- _Work to be completed_
Restate word for word the section of the entries that opens at the line containing "Thin sheet of" and closes at the line containing "Girl in a pink", both lines kept, pictures dropped.

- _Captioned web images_

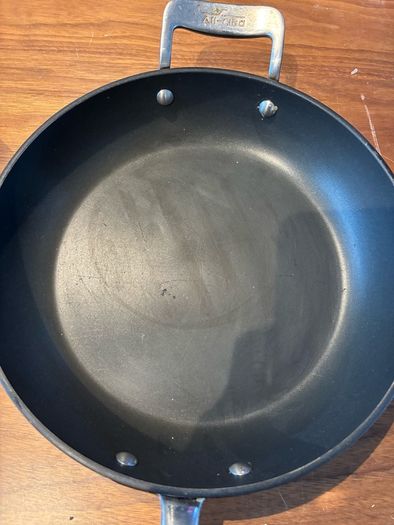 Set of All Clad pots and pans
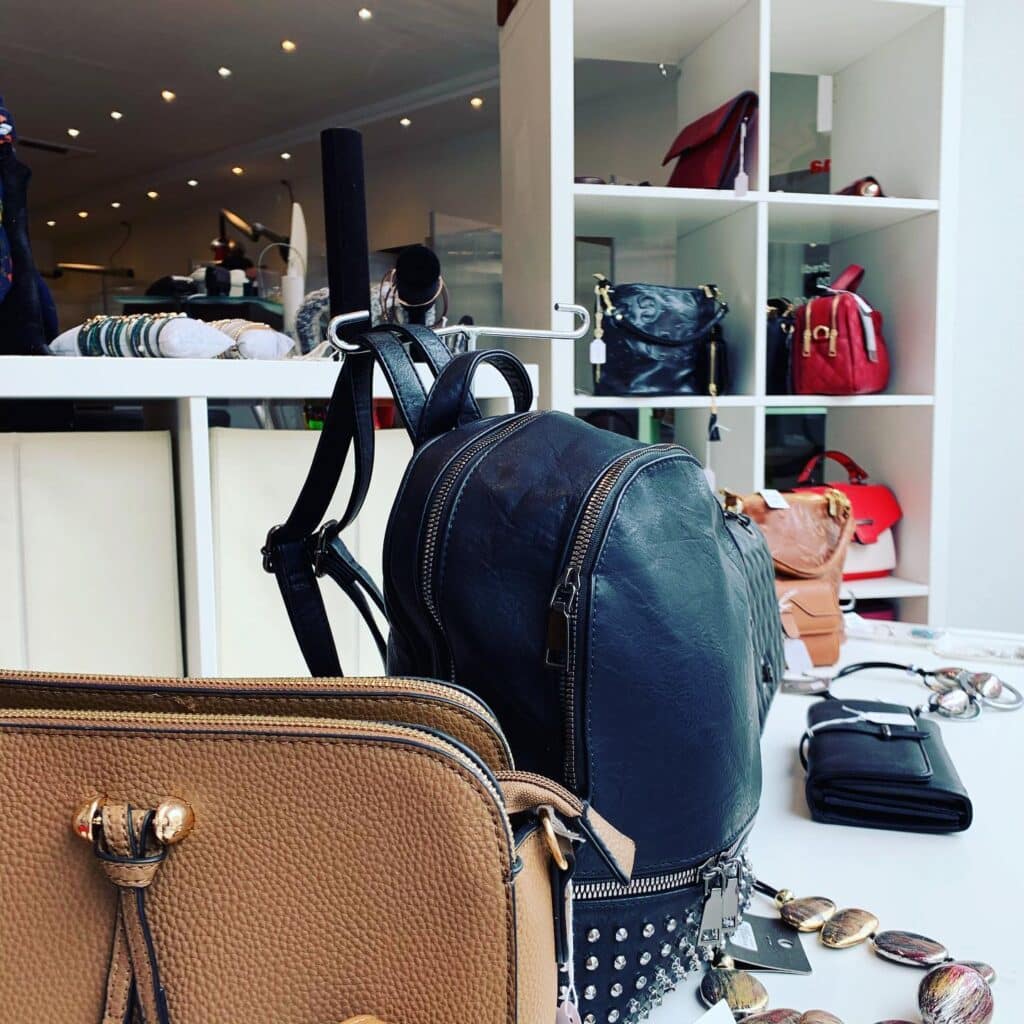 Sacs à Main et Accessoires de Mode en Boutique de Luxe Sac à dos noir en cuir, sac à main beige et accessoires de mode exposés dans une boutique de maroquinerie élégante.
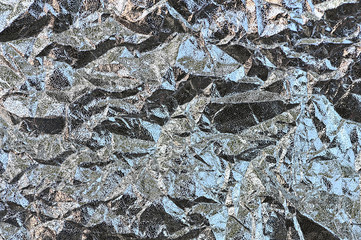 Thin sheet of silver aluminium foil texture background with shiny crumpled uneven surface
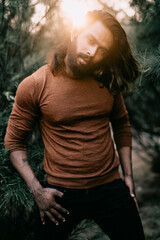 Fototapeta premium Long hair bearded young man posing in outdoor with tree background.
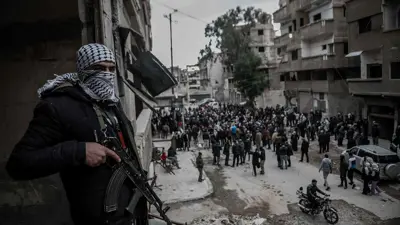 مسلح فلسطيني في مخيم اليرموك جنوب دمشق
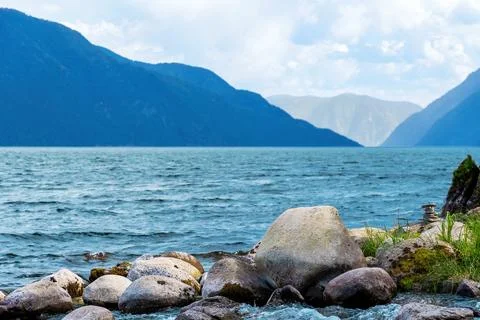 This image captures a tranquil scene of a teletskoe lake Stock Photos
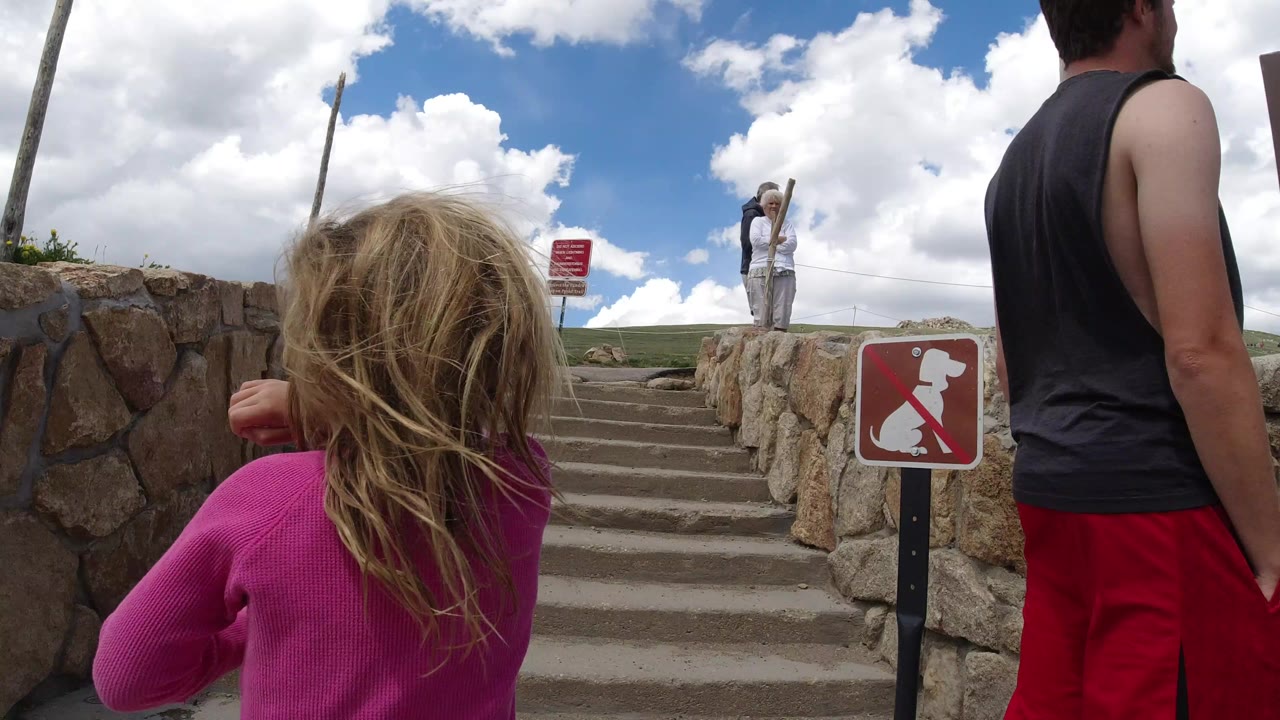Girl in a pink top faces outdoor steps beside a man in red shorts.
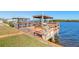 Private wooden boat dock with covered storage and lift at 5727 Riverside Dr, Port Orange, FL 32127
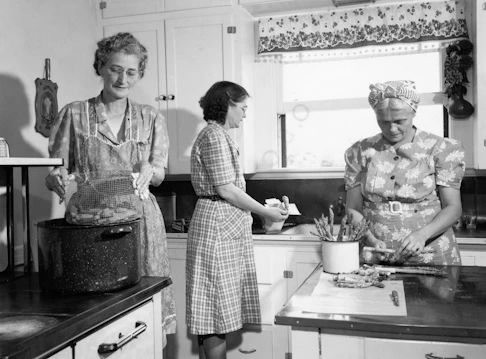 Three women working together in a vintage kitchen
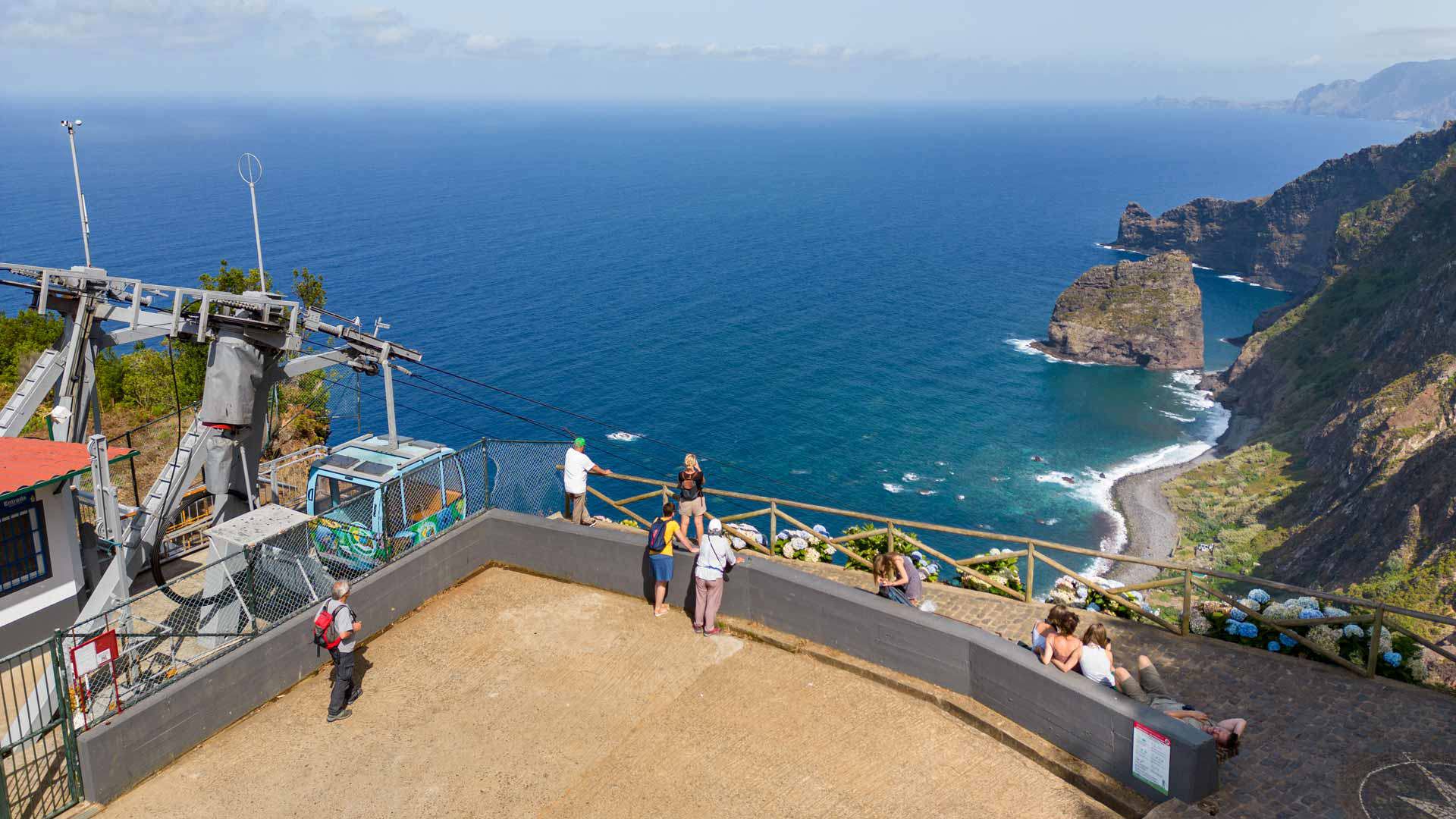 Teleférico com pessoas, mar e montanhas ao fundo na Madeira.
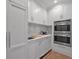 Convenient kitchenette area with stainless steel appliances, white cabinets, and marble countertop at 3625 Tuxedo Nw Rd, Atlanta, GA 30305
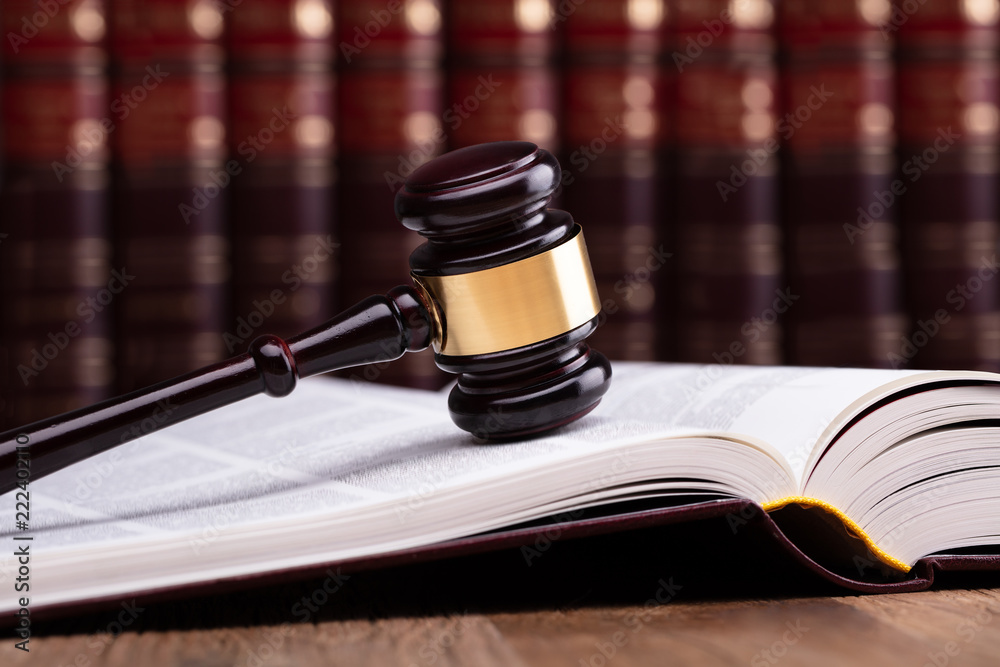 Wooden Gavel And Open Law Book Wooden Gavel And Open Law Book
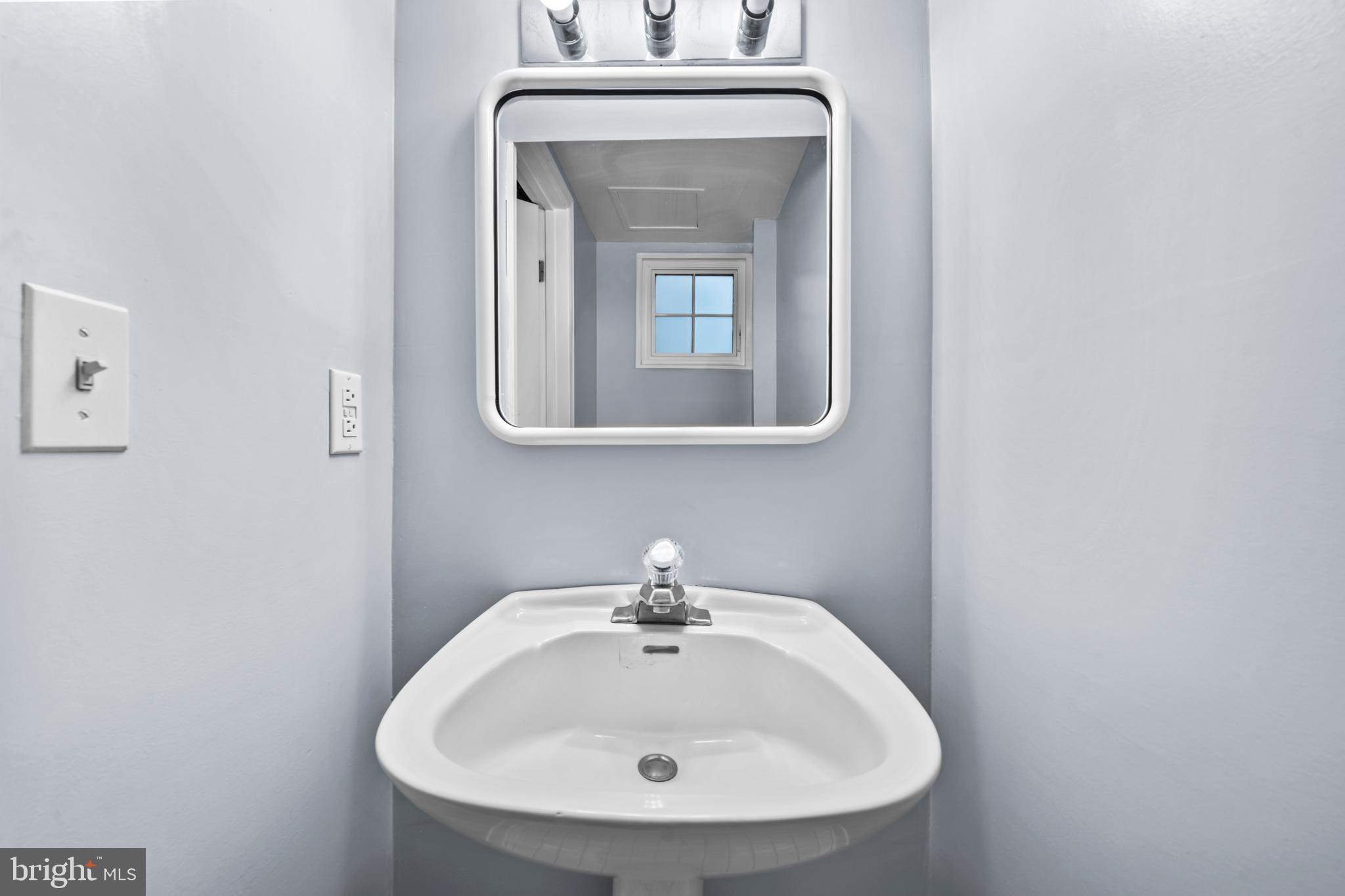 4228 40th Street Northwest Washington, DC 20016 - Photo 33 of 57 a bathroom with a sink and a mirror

- _Reply to the exercise_
 Thin sheet of silver aluminium foil texture background with shiny crumpled uneven surface
 Fototapeta premium Long hair bearded young man posing in outdoor with tree background.
 مسلح فلسطيني في مخيم اليرموك جنوب دمشق
 This image captures a tranquil scene of a teletskoe lake Stock Photos
Girl in a pink top faces outdoor steps beside a man in red shorts.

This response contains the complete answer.